Tuesday, April 14, 2009

Congrats on V-Max





EMC had big news today thanks to their virtual launch of the new Symmetrix V-Max. It has garnered broad industry coverage, as well as its share of competitive brickbats.

It's a revolutionary break from the old-line monolithic array. Based on x86 components, designed with modular 'engines' to enable more granular scale-out, and built-in automated tiering makes it more like an offering from a nimble innovator like Compellent or 3Par. But with scale-up to a claimed 3PB and "tens of millions of IOPS" this is still gold-tier enterprise storage.

EMC's Chuck Hollis paints a typically empassioned view of the technology. It includes storage virtualization features such as pooling data across multiple arrays, non-disruptive data mobility and I/O load-balancing. He listed architectural approaches customers have to achieve Storage Virtualization: "today, we've got three different approaches to putting storage virtualization in the network: (1) use a server appliance (e.g. IBM SVC), (2) use an array controller (e.g. HDS USP), or (3) use an intelligent switch (e.g. EMC Invista)." Forgiving the over site of "host-based" (e.g. DataCore), this list does cover the typical enterprise, large service provider or government agency considered set. There are a number of choices each with its pros and cons.

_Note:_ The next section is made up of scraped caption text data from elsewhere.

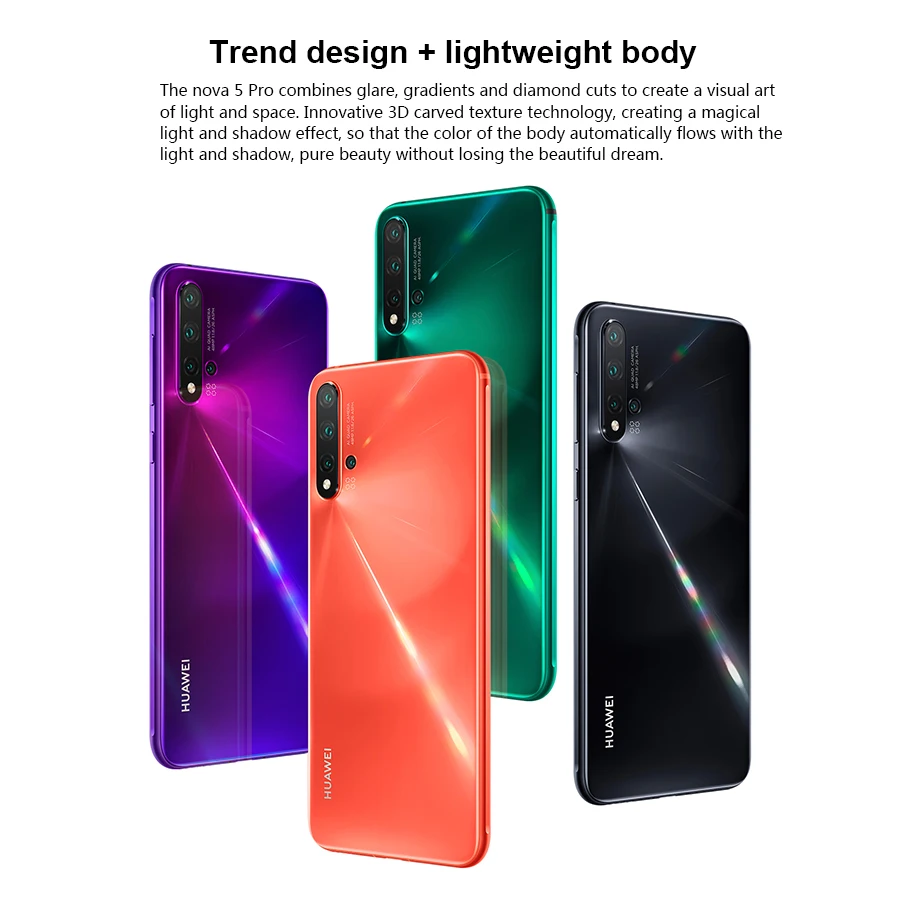 Новый оригинальный мобильный телефон huawei Nova 5 Pro 8 ГБ 128 256 6 39 дюйма четырехъярусная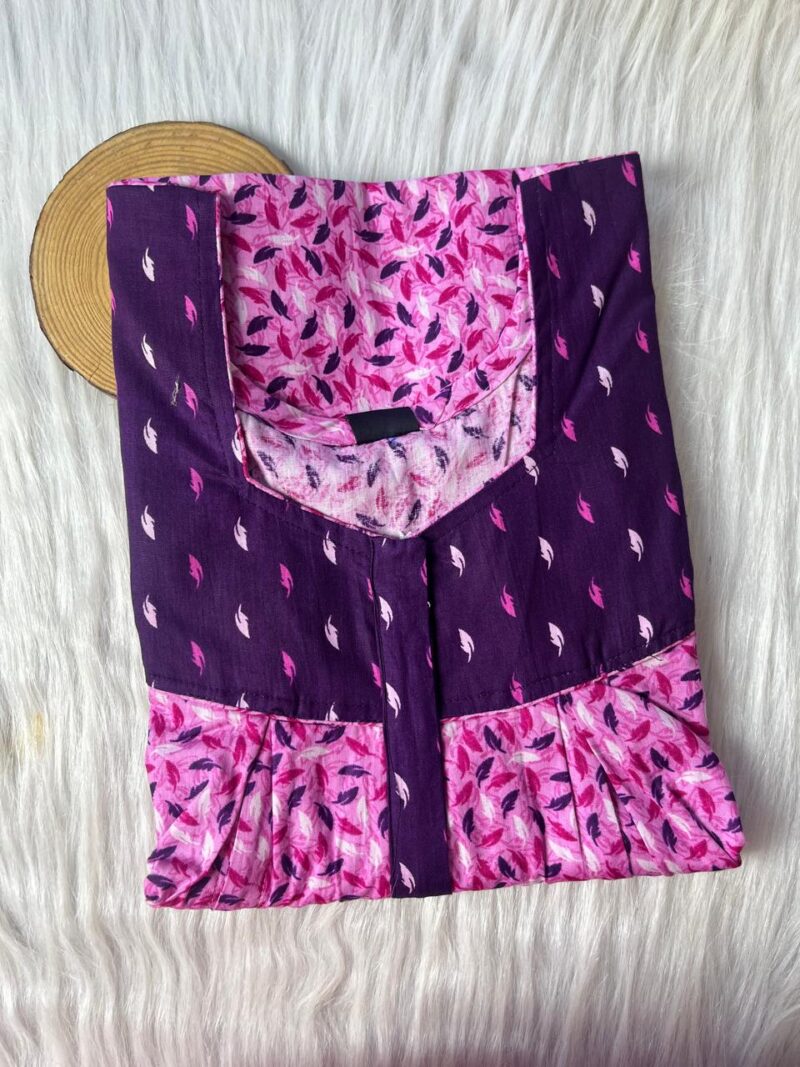 Cotton Feeding Nighty With Two Side Vertical Zip and Single Centre Zip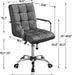 Grey Leather Office Chair with Armrests and Wheels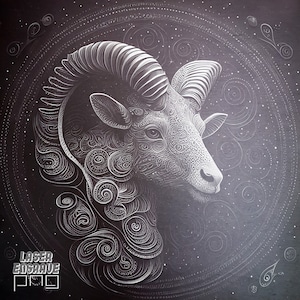 Steinbock PNG | Lasergravur-Datei | Schiefer Untersetzer Ätzdatei | Sternzeichen Geschenk | Horoskop Kunstwerk | Astrologie-Design | CNC
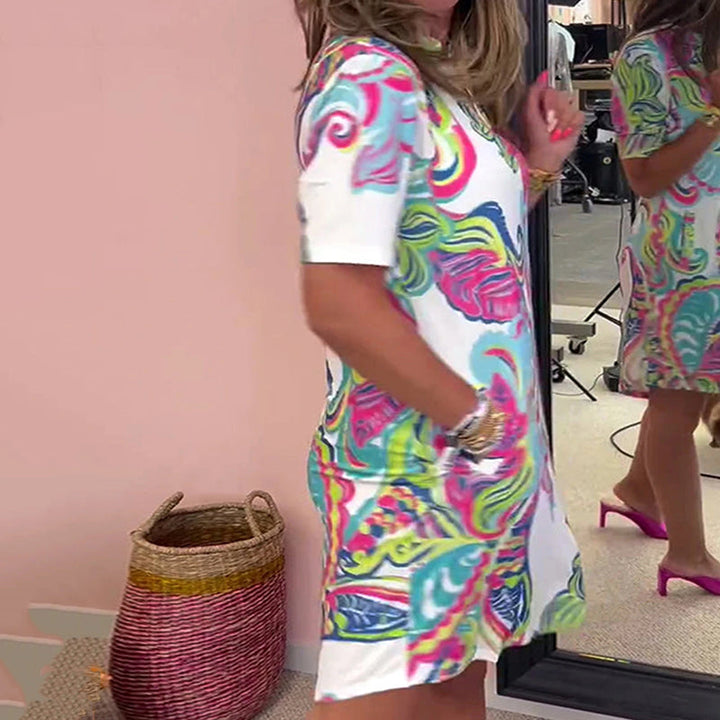 Heloise - שמלה צבעונית עם הדפס ומחשוף V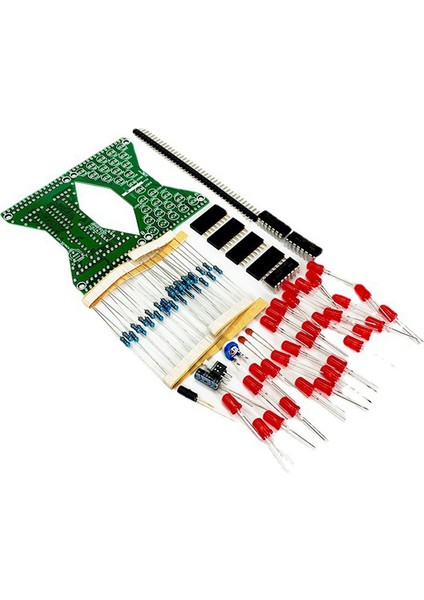 30 LED Çift Katmanlı Pcb Kartı Bileşenleri Lehimleme Uygulama Paketi Kırmızı LED Kırmızı Işık (Yurt Dışından)
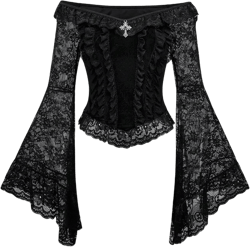 SHENHE Women's Gothic Lace Bell Sleeve Top Velvet Off Shoulder Vintage Punk Crop Top Blouse Small Black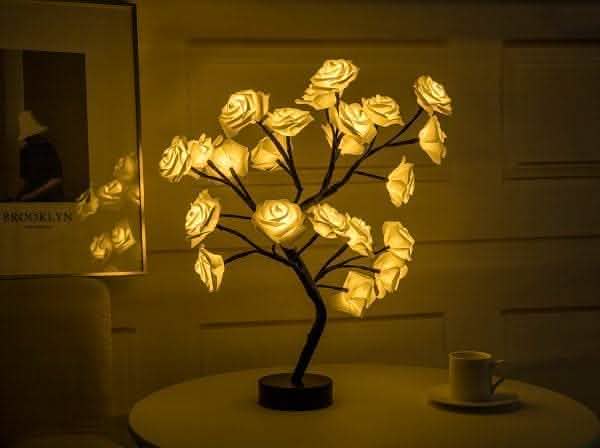 Rose Flower LED Lamp - USB Battery Bonsai Tree Night Light - Vezir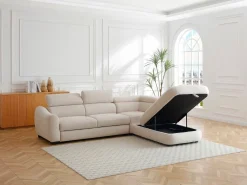 New Vente-unique Sofá rinconera derecha convertible en tela texturizada BESEMA Beige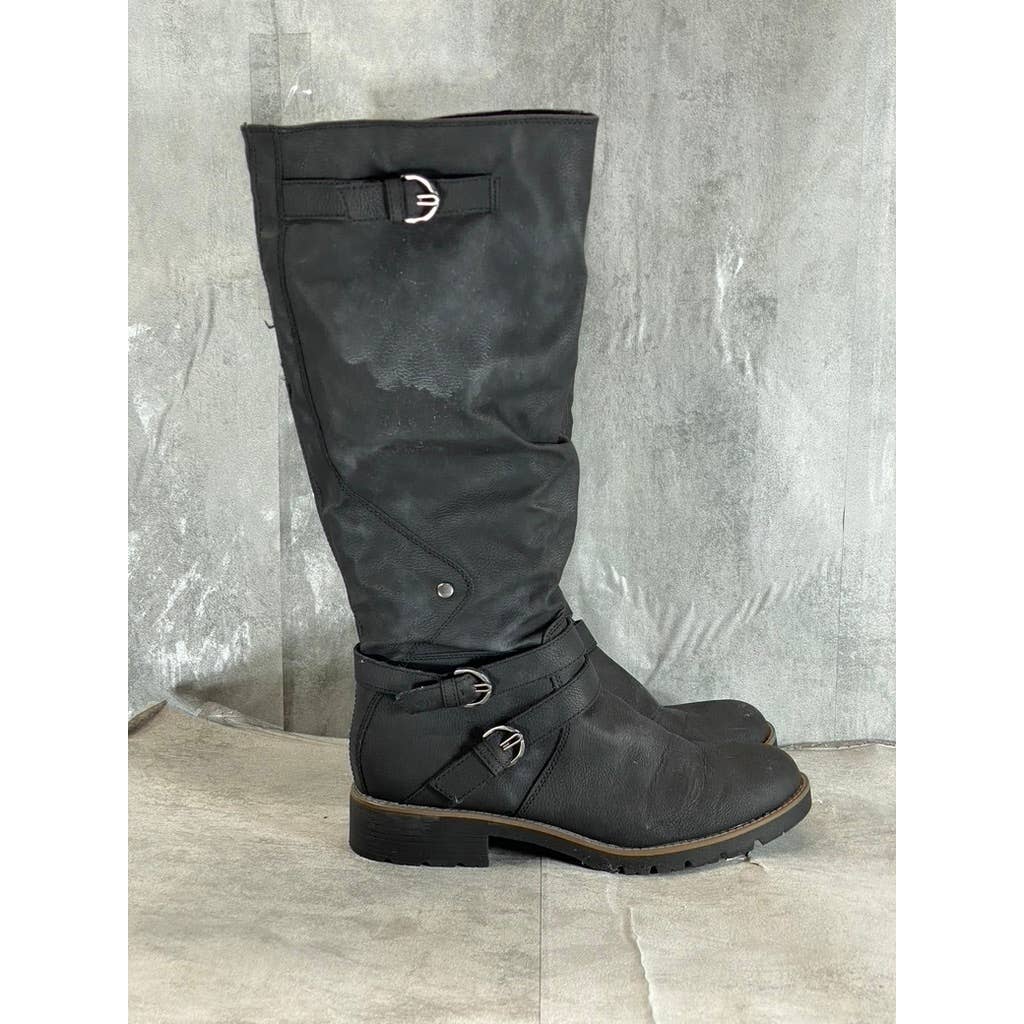 SUN+STONE Women's Black Brinley Strapped Lug-Sole Tall Boots SZ 11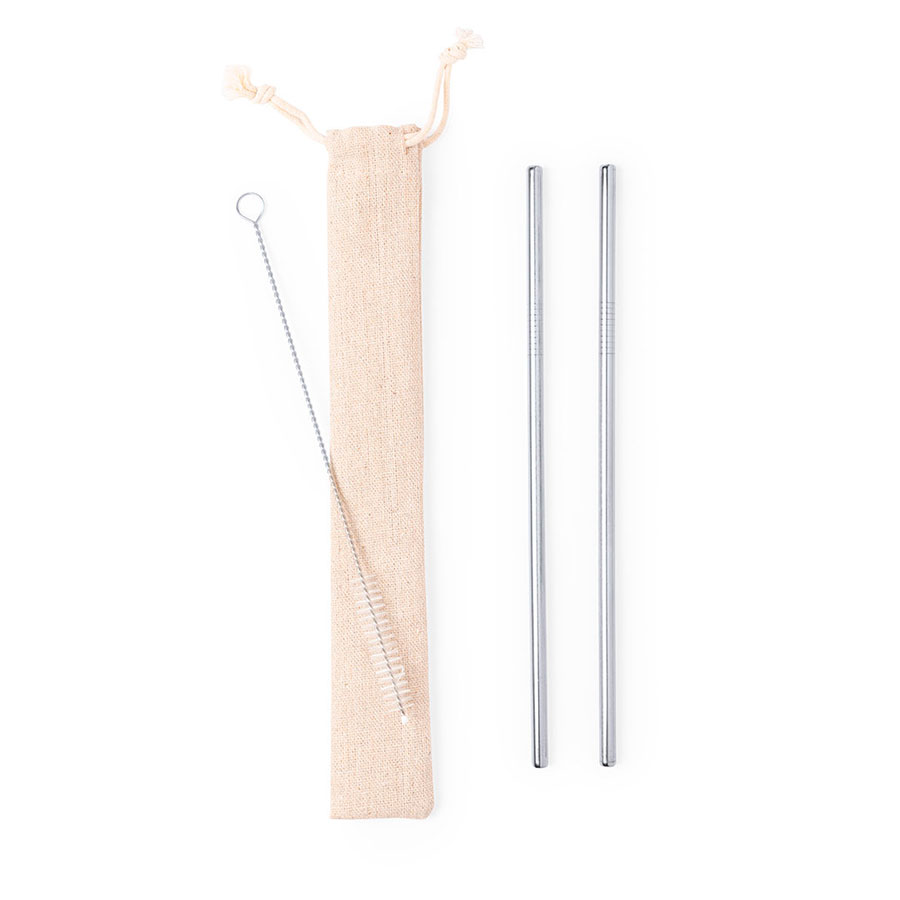 Коктейльные трубочки (2 шт.) с ершиком в чехле KALUX, 3,5х24,5см, нержавеющая сталь, хлопок для бизнеса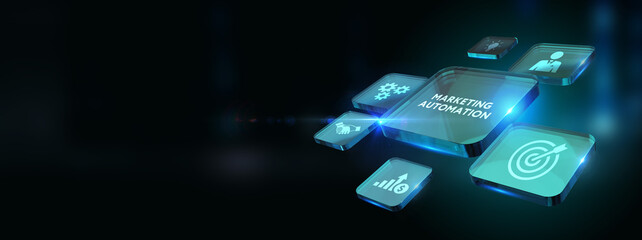 Planning marketing strategy. Marketing automation of business and industrial process. 3d illustration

And despite all the greatness of V-Max, the Storage Virtualization buyer often needs to address issues of heterogeneous storage resources, performance and vendor lock-in. Where these are issues, a fabric-based approach is still the best way to go. (And if you're an EMC shop, you can still make your sales rep happy by choosing Invista.)

Congrats to the Symmetrix team on the launch -- we're all eager to see how the new V-Max vision rolls out over the coming months.